◆ **TASK DETAILS**: All entries below must be output word for word, and the pictures left behind.

[Data records]
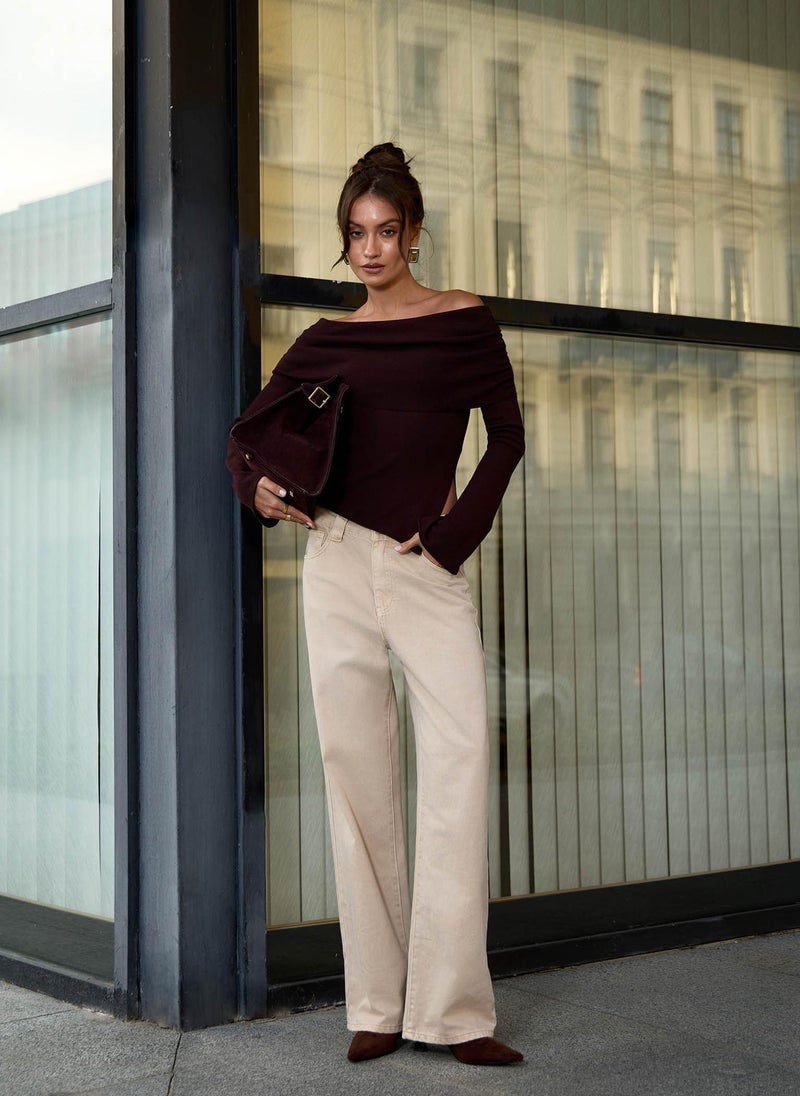 Knitted jumper with open shoulder line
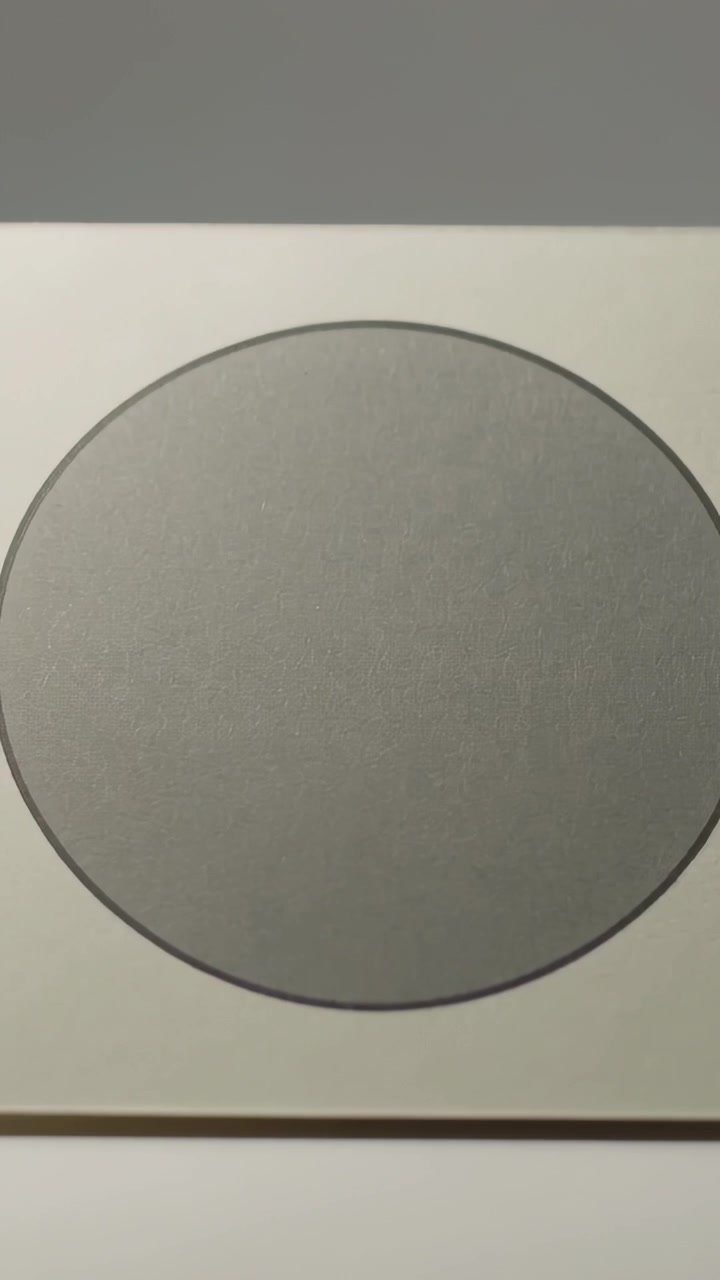 Video verticale: Movimento di camera che rivela la carta in cima a un mazzo su un tavolo da studio, centrando un cerchio grigio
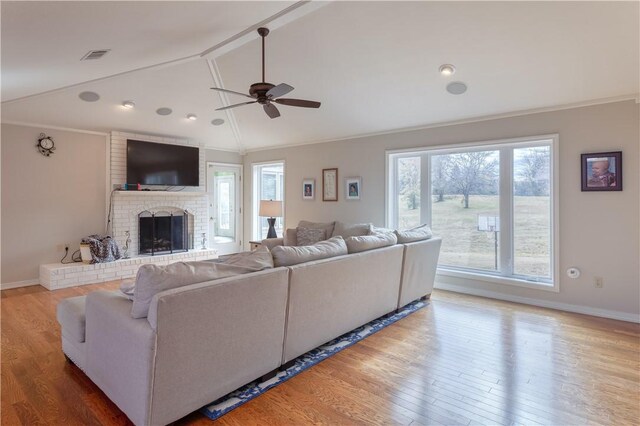 living room featuring ceiling fan, light hardwood / wood-style floors, lofted ceiling, and a brick fireplace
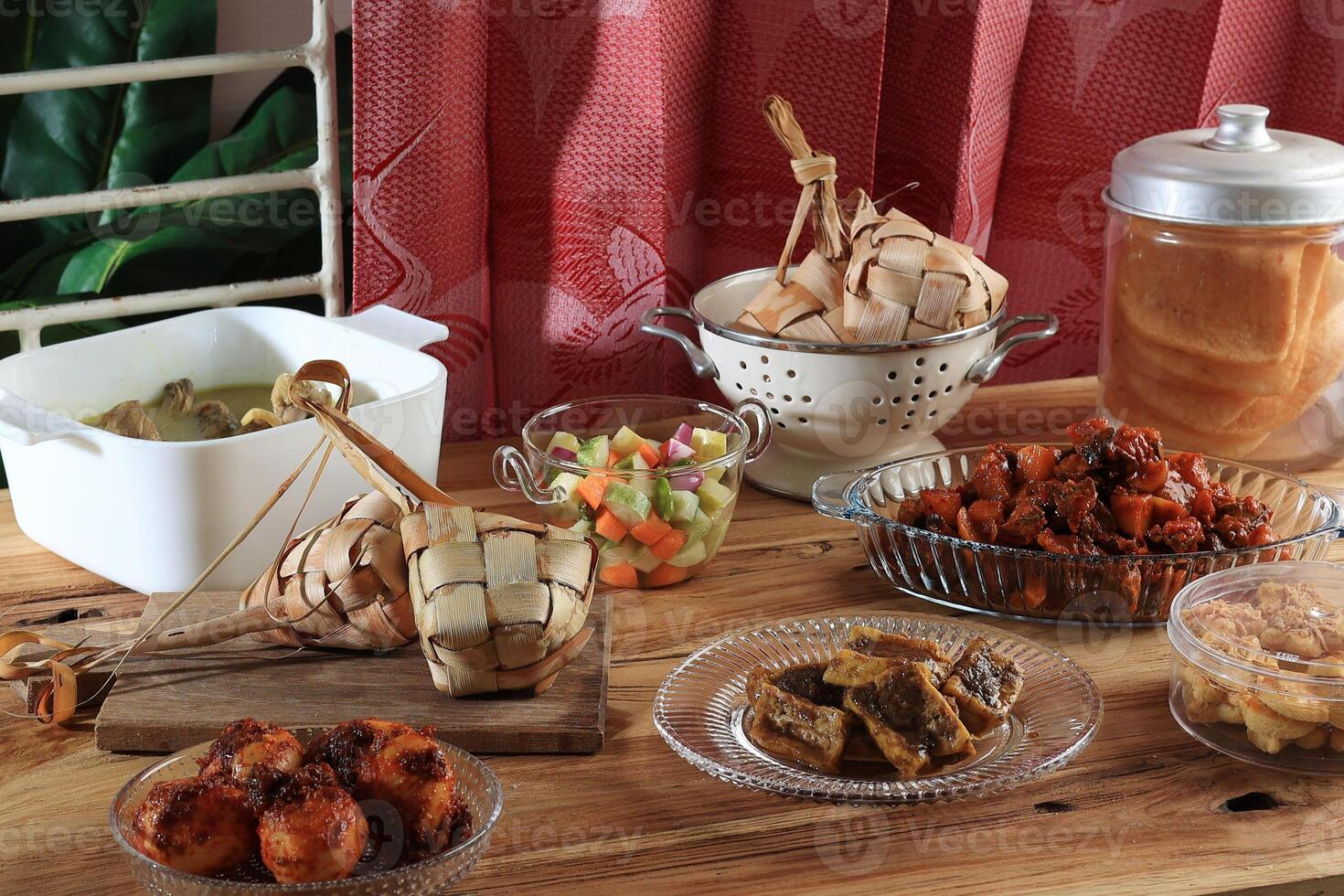 Ketupat Lebaran and Various Side Dish on the Table photo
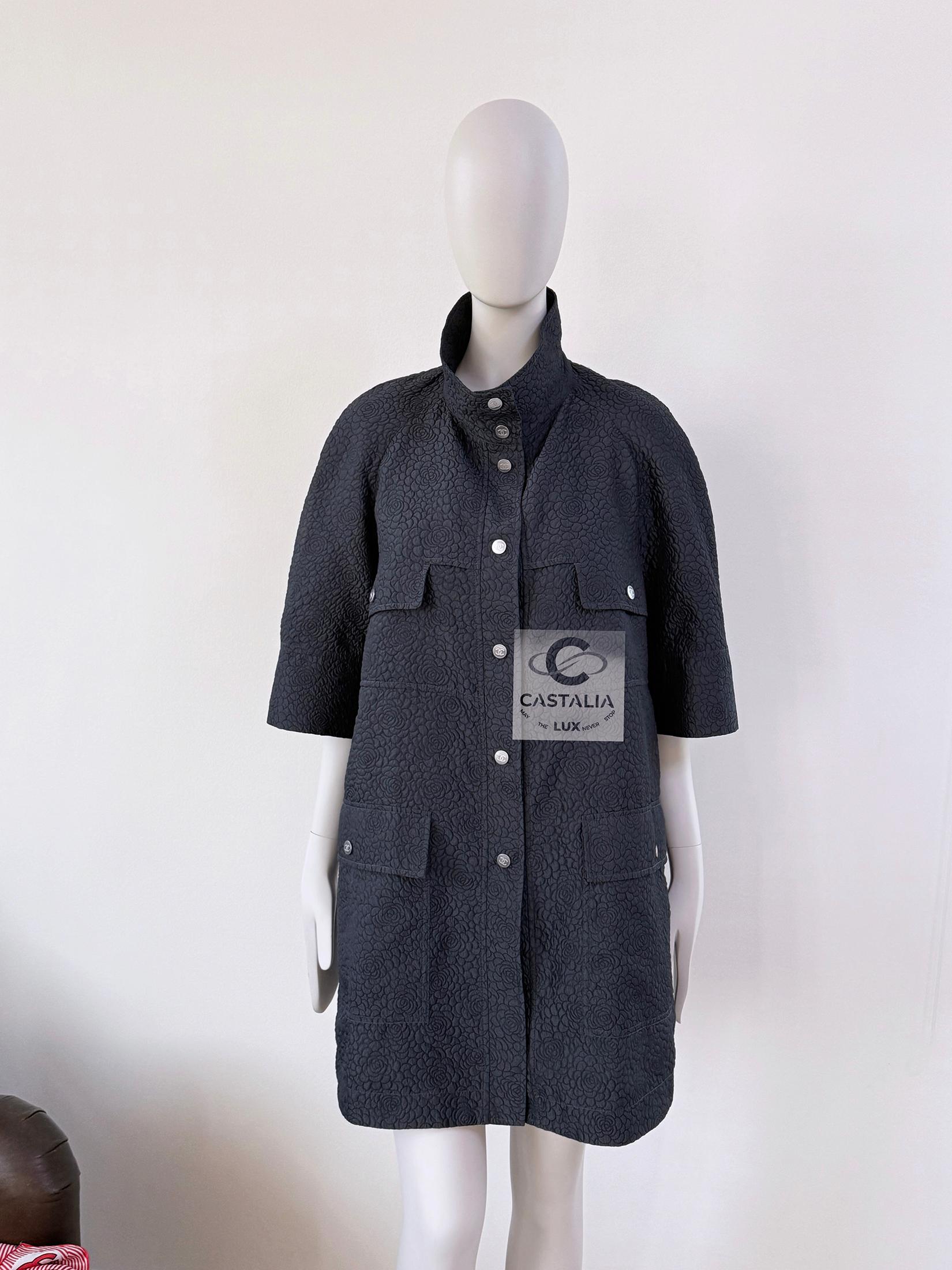 Iconic Chanel black / anthracite trench coat with Camellias 3-d pattern ~ featuring brand's most recognisable cocoon silhouette!
- CC logo buttons at front, pockets and cuffs
- contrast lining
Size mark 44 FR / Condition: never worn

◆ **TASK RESPONSE**:
 Knitted jumper with open shoulder line
 Video verticale: Movimento di camera che rivela la carta in cima a un mazzo su un tavolo da studio, centrando un cerchio grigio
 living room featuring ceiling fan, light hardwood / wood-style floors, lofted ceiling, and a brick fireplace
 Ketupat Lebaran and Various Side Dish on the Table photo
 Iconic Chanel black / anthracite trench coat with Camellias 3-d pattern ~ featuring brand's most recognisable cocoon silhouette!
- CC logo buttons at front, pockets and cuffs
- contrast lining
Size mark 44 FR / Condition: never worn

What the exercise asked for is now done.